SAT Instance Feature Extraction
aria.bool.features implements SATzilla-style feature extraction for CNF
formulas. It computes 40+ structural, statistical, and probing-based
features that characterise SAT instances, useful for algorithm selection and
machine-learning applications.
Directory structure
aria/bool/features/
├── sat_instance.py # High-level API: SATInstance class
├── base_features.py # Core feature extraction (size, graph, balance)
├── active_features.py # Active feature computation
├── balance_features.py # Positive/negative literal balance statistics
├── graph_features.py # Variable-clause and variable-variable graph features
├── dpll.py # DPLL probing (unit propagation at various depths)
├── parse_cnf.py # CNF file parser
├── enums.py # Feature name enumerations
├── array_stats.py # Statistical helpers (mean, std, entropy, …)
└── stopwatch.py # Timing utility
Key class
SATInstance– main entry point; loads a CNF file and exposes feature extraction via its attributes and helper methods.
Feature categories
Size features – number of clauses, variables, clause-to-variable ratio.
Variable-clause graph – degree statistics (mean, std, coeff. of variation, min, max), entropy.
Variable graph – co-occurrence graph statistics.

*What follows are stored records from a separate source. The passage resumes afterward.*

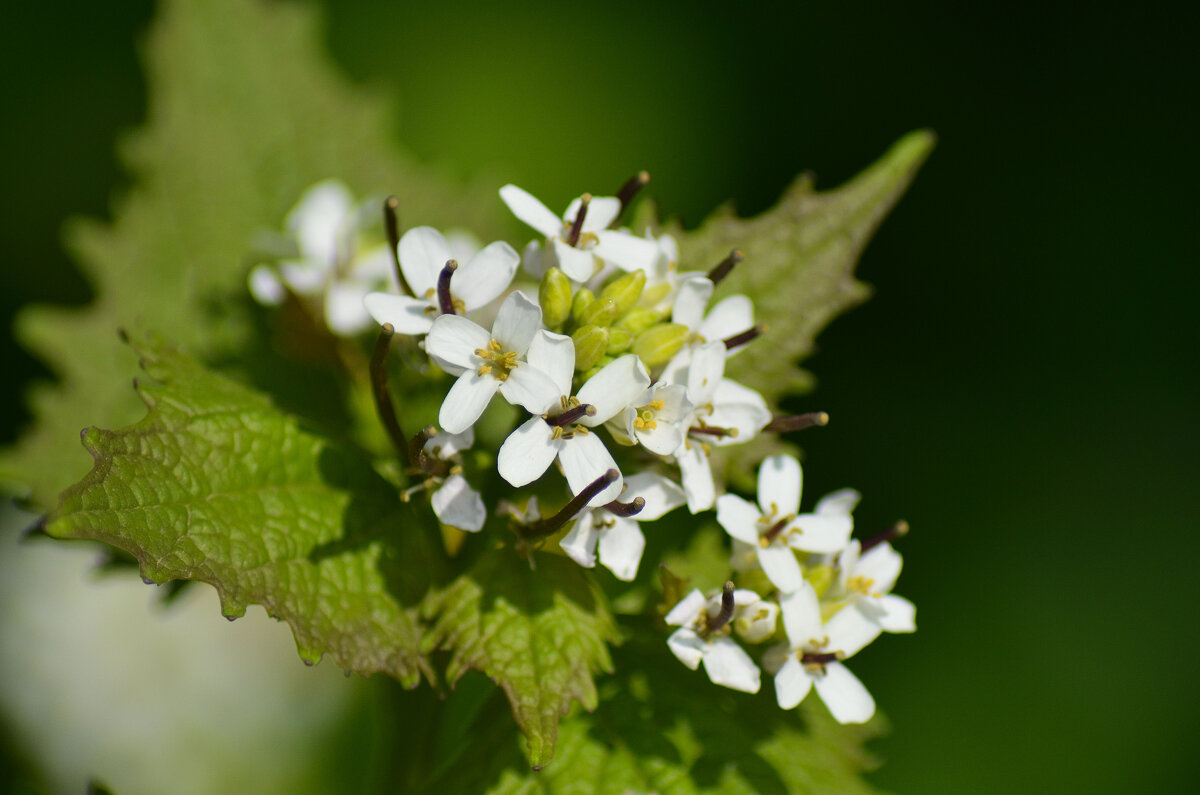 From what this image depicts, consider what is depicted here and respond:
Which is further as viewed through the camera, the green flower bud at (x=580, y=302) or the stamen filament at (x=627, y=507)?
the green flower bud at (x=580, y=302)

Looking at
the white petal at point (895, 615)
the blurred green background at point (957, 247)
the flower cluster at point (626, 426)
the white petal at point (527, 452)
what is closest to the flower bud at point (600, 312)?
the flower cluster at point (626, 426)

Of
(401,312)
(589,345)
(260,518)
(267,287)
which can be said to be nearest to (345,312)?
(267,287)

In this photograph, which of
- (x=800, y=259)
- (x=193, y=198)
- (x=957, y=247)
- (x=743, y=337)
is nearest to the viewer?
(x=743, y=337)

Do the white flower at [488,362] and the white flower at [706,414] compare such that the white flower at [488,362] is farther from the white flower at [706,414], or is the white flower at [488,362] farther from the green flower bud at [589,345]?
the white flower at [706,414]

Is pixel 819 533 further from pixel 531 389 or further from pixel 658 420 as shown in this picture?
pixel 531 389

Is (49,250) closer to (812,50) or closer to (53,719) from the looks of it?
(53,719)

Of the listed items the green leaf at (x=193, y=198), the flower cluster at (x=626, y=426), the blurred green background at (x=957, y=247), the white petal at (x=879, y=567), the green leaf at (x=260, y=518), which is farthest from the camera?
the blurred green background at (x=957, y=247)

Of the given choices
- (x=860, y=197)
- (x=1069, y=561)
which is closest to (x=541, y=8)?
(x=860, y=197)

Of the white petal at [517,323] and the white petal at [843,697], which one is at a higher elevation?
the white petal at [517,323] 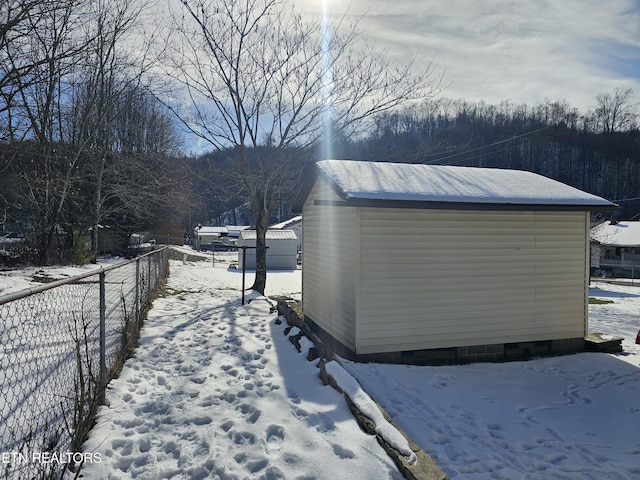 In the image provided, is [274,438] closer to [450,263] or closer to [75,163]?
[450,263]

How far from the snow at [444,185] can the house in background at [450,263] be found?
0.02 meters

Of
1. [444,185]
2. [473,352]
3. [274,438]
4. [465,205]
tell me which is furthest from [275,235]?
[274,438]

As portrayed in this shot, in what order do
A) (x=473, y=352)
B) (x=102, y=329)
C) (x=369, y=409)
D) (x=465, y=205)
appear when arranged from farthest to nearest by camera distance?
1. (x=473, y=352)
2. (x=465, y=205)
3. (x=102, y=329)
4. (x=369, y=409)

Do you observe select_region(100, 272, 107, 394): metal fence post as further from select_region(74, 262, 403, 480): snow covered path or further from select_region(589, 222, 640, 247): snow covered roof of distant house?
select_region(589, 222, 640, 247): snow covered roof of distant house

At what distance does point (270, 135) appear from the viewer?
12172 millimetres

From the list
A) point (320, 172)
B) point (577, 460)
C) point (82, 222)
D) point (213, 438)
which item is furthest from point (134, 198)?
point (577, 460)

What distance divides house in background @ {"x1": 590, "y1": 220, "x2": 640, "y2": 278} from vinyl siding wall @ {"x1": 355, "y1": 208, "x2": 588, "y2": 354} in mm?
30463

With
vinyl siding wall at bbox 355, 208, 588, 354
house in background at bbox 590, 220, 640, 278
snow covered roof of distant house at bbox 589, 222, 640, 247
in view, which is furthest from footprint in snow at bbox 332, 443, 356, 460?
snow covered roof of distant house at bbox 589, 222, 640, 247

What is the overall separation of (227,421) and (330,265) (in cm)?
391

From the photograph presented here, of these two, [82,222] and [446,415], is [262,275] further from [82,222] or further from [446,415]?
[82,222]

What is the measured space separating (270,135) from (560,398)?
9.77 m

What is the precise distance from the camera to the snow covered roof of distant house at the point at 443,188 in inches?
227

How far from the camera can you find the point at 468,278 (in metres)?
6.33

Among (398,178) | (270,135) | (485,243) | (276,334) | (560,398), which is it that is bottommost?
(560,398) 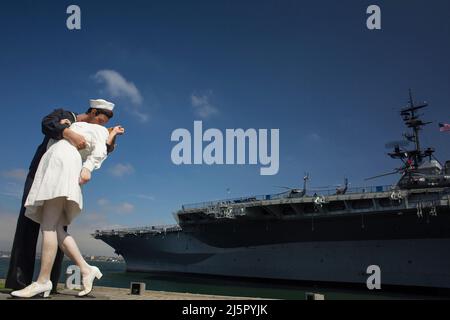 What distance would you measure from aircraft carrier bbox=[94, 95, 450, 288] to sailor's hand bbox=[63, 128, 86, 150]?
24655mm

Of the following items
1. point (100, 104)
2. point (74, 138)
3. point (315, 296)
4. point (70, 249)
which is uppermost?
point (100, 104)

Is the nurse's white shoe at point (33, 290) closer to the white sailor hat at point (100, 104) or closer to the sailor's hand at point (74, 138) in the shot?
the sailor's hand at point (74, 138)

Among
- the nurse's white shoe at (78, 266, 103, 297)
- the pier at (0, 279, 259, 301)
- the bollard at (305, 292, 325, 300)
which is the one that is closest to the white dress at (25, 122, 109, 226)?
the nurse's white shoe at (78, 266, 103, 297)

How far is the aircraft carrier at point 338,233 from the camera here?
85.8 ft

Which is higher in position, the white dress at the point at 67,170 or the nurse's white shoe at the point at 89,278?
the white dress at the point at 67,170

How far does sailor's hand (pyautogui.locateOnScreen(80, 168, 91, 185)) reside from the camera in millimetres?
3793

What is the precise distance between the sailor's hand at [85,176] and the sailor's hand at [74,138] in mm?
270

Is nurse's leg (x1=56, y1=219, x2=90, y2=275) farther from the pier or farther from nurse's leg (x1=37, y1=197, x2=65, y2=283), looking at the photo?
the pier

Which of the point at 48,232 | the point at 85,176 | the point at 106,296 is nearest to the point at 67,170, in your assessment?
the point at 85,176

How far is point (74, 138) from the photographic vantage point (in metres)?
3.90

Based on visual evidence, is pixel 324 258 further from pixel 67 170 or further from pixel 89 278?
pixel 67 170

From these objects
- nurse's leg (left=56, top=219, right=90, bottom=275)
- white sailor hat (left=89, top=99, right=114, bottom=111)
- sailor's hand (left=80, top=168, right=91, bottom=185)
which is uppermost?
white sailor hat (left=89, top=99, right=114, bottom=111)

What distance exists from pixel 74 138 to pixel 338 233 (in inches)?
1109

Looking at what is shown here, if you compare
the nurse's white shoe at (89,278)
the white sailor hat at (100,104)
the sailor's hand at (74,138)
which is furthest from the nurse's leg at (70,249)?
the white sailor hat at (100,104)
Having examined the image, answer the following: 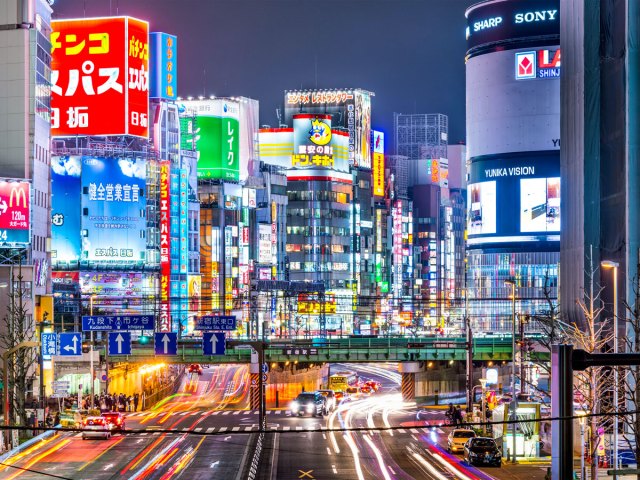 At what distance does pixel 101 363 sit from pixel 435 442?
30426 millimetres

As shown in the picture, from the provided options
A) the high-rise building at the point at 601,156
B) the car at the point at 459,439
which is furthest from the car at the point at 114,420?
the high-rise building at the point at 601,156

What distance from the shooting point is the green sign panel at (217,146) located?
187 m

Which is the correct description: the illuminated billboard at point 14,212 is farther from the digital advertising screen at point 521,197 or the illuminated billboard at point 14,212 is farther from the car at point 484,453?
the digital advertising screen at point 521,197

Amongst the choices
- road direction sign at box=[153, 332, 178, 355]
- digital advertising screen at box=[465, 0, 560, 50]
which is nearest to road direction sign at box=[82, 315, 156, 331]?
road direction sign at box=[153, 332, 178, 355]

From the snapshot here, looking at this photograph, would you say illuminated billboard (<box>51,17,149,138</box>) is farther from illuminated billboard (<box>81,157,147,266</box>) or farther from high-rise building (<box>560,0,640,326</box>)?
high-rise building (<box>560,0,640,326</box>)

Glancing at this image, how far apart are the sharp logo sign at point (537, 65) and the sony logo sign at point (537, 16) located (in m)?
3.59

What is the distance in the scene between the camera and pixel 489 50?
511 feet

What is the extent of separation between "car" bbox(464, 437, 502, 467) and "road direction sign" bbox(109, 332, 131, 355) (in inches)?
1151

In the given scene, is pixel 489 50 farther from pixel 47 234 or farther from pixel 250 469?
pixel 250 469

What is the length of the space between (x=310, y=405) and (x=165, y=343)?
13.4 m

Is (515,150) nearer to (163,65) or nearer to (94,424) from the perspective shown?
(163,65)

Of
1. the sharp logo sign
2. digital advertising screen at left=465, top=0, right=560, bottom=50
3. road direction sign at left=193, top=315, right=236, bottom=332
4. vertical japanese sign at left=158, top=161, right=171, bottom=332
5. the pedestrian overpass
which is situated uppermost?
digital advertising screen at left=465, top=0, right=560, bottom=50

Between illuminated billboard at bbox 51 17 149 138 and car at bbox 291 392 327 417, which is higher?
illuminated billboard at bbox 51 17 149 138

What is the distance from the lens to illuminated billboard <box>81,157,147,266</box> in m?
141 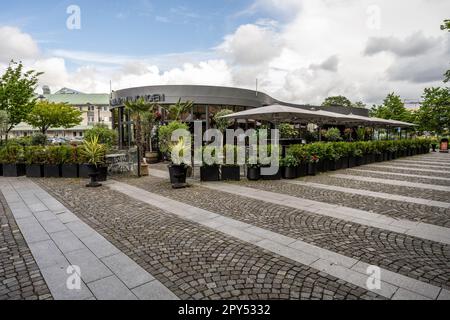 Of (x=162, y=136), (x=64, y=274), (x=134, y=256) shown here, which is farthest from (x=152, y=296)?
(x=162, y=136)

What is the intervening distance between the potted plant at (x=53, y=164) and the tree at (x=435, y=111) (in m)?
23.4

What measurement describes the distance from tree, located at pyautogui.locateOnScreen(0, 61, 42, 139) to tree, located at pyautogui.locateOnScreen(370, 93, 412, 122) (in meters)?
39.5

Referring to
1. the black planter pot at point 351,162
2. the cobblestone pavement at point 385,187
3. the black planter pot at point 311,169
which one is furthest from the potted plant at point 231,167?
the black planter pot at point 351,162

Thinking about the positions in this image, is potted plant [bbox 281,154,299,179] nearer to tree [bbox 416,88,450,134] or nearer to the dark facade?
the dark facade

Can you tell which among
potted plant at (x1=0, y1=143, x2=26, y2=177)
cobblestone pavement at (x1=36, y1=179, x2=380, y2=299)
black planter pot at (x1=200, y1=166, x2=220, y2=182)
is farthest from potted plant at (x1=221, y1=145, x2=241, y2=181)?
potted plant at (x1=0, y1=143, x2=26, y2=177)

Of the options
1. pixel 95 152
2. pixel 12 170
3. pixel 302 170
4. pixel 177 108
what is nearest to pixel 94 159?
pixel 95 152

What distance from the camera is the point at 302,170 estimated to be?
1038 cm

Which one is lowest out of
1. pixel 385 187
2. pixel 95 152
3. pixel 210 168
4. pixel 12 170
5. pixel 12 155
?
pixel 385 187

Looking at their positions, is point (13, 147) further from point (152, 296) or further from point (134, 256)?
point (152, 296)

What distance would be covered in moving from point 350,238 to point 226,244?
204 centimetres

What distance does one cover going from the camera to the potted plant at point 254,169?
9573 millimetres

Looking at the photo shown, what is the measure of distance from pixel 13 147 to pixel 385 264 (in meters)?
13.2

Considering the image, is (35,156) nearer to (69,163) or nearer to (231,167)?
(69,163)

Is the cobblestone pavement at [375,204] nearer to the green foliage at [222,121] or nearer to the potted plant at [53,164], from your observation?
the potted plant at [53,164] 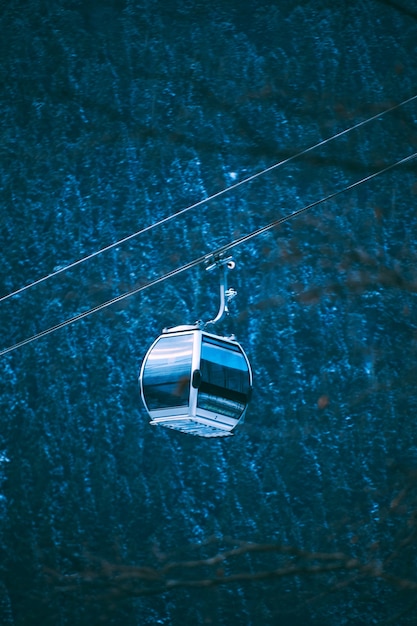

Balance features – positive/negative literal ratios per variable and clause.
Horn clause proximity – fraction of Horn and anti-Horn clauses.
DPLL probing – unit propagation counts at decision depths 1–10 (
dpll.py).Structural features – power-law exponent, modularity, fractal dimension.
Graph features – statistics over 8 weighted bipartite and primal graphs.
Programmatic usage
from aria.bool.features.sat_instance import SATInstance
instance = SATInstance("benchmark.cnf")
# Access extracted features as a dictionary
features = instance.features_dict
print(features["nVars"], features["nClauses"])